Task statement — From the records below, set down exactly the lines starting with the line that contains "Workplace AI exemption" and going on through the line that contains "EDMSTDR7 Edmunds Storage". Nothing else is wanted.

Data in this exercise —
——
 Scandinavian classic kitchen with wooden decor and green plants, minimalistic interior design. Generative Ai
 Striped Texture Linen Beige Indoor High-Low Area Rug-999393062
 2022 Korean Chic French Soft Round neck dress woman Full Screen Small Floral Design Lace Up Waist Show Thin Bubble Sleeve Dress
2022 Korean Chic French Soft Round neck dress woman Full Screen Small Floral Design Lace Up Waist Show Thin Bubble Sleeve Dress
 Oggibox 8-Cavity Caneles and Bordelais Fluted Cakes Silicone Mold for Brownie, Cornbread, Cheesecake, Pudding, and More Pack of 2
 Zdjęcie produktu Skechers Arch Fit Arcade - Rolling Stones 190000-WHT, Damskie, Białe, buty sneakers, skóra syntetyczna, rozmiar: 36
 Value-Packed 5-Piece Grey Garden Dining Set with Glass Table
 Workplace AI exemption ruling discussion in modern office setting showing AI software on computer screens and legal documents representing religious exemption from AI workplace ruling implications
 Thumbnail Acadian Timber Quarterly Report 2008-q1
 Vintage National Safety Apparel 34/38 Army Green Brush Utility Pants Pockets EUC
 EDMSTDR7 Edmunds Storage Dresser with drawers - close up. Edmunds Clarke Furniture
——
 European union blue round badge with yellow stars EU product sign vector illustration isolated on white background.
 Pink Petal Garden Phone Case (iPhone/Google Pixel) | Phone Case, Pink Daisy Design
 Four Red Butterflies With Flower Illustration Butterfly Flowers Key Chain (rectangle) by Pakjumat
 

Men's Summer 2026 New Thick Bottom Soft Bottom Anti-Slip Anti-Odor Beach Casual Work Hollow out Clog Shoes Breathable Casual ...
——
Solved problem —
 Workplace AI exemption ruling discussion in modern office setting showing AI software on computer screens and legal documents representing religious exemption from AI workplace ruling implications
 Thumbnail Acadian Timber Quarterly Report 2008-q1
 Vintage National Safety Apparel 34/38 Army Green Brush Utility Pants Pockets EUC
 EDMSTDR7 Edmunds Storage Dresser with drawers - close up. Edmunds Clarke Furniture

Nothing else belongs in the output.